---------- DATA FOR THIS EXERCISE ----------

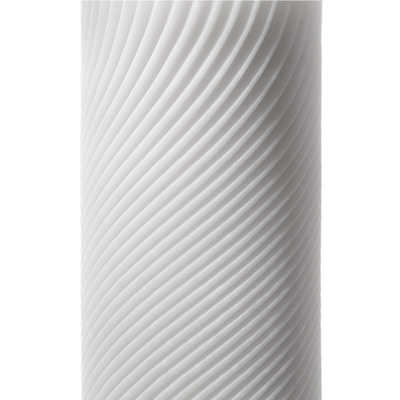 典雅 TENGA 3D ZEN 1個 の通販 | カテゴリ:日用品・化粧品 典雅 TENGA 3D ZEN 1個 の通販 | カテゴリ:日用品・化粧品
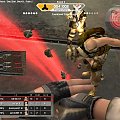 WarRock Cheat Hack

----------
---------- DATA FOR THIS EXERCISE ----------

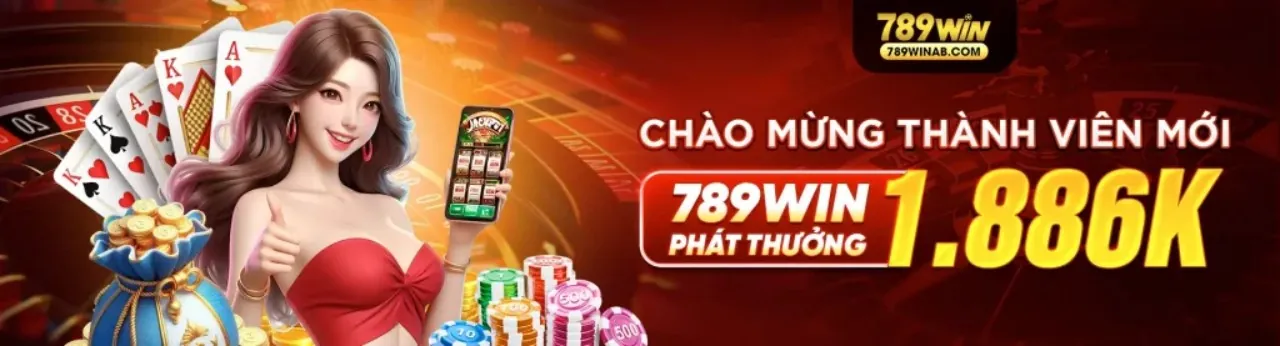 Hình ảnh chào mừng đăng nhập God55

----------

» **WHAT IS BEING ASKED**:
Look above for the line with "典雅 TENGA 3D ZEN 1個 の通販 | カテゴリ:日用品・化粧品 典雅" and copy exactly from it through the line with "WarRock Cheat Hack", both included. Omit the pictures.

» **EXERCISE RESULT**:
 典雅 TENGA 3D ZEN 1個 の通販 | カテゴリ:日用品・化粧品 典雅 TENGA 3D ZEN 1個 の通販 | カテゴリ:日用品・化粧品
 WarRock Cheat Hack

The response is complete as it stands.